---------- Source material ----------

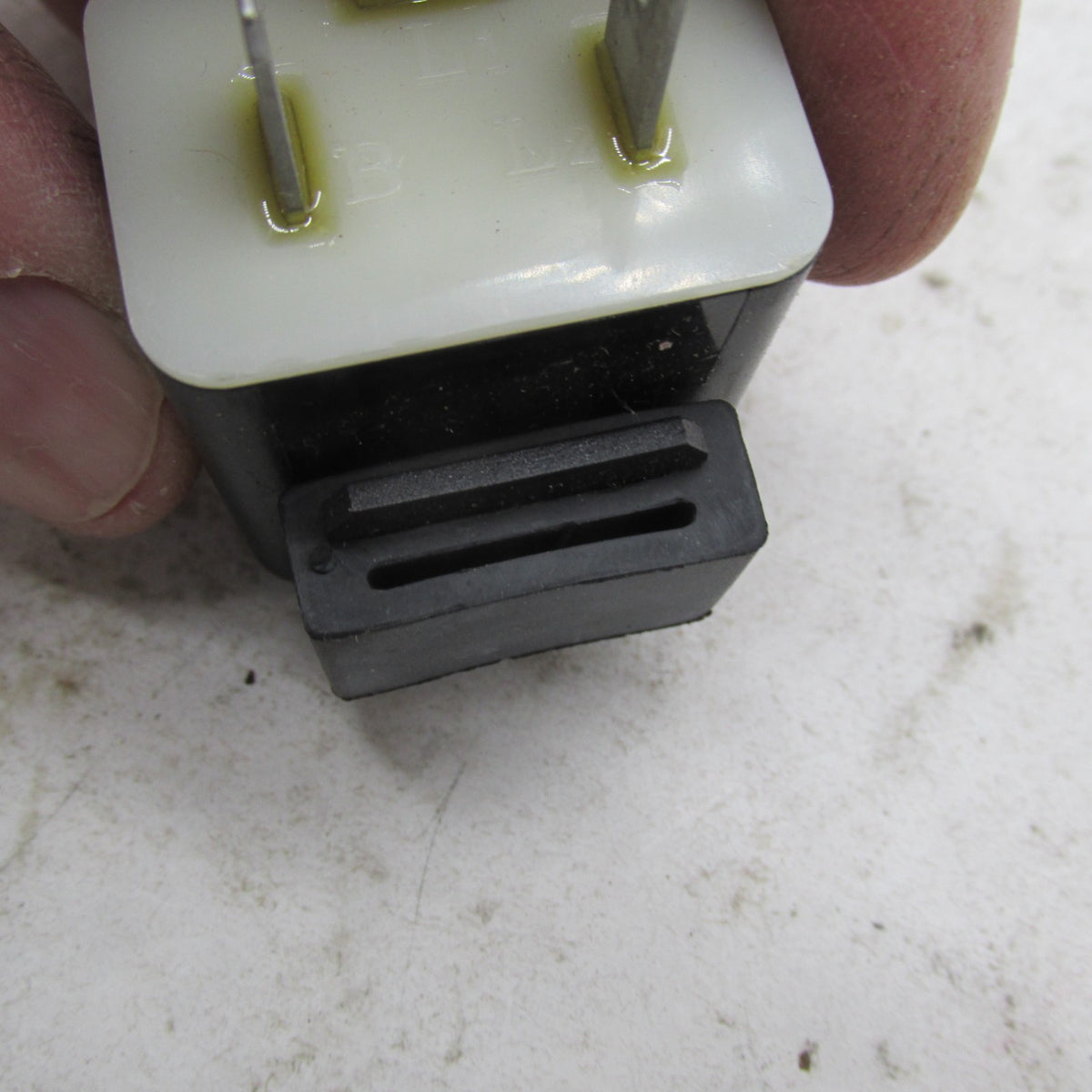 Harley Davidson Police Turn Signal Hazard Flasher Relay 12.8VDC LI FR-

----------
---------- Source material ----------

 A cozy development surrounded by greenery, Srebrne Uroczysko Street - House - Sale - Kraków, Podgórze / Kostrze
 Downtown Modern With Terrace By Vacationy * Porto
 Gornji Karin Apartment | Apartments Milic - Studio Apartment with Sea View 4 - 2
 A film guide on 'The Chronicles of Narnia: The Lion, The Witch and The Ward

----------

◆ **Your task**
Write down exactly the span of lines above from the one containing "Downtown Modern With" to the one containing "A film guide", both ends included.

◆ **Response to the exercise**
 Downtown Modern With Terrace By Vacationy * Porto
 Gornji Karin Apartment | Apartments Milic - Studio Apartment with Sea View 4 - 2
 A film guide on 'The Chronicles of Narnia: The Lion, The Witch and The Ward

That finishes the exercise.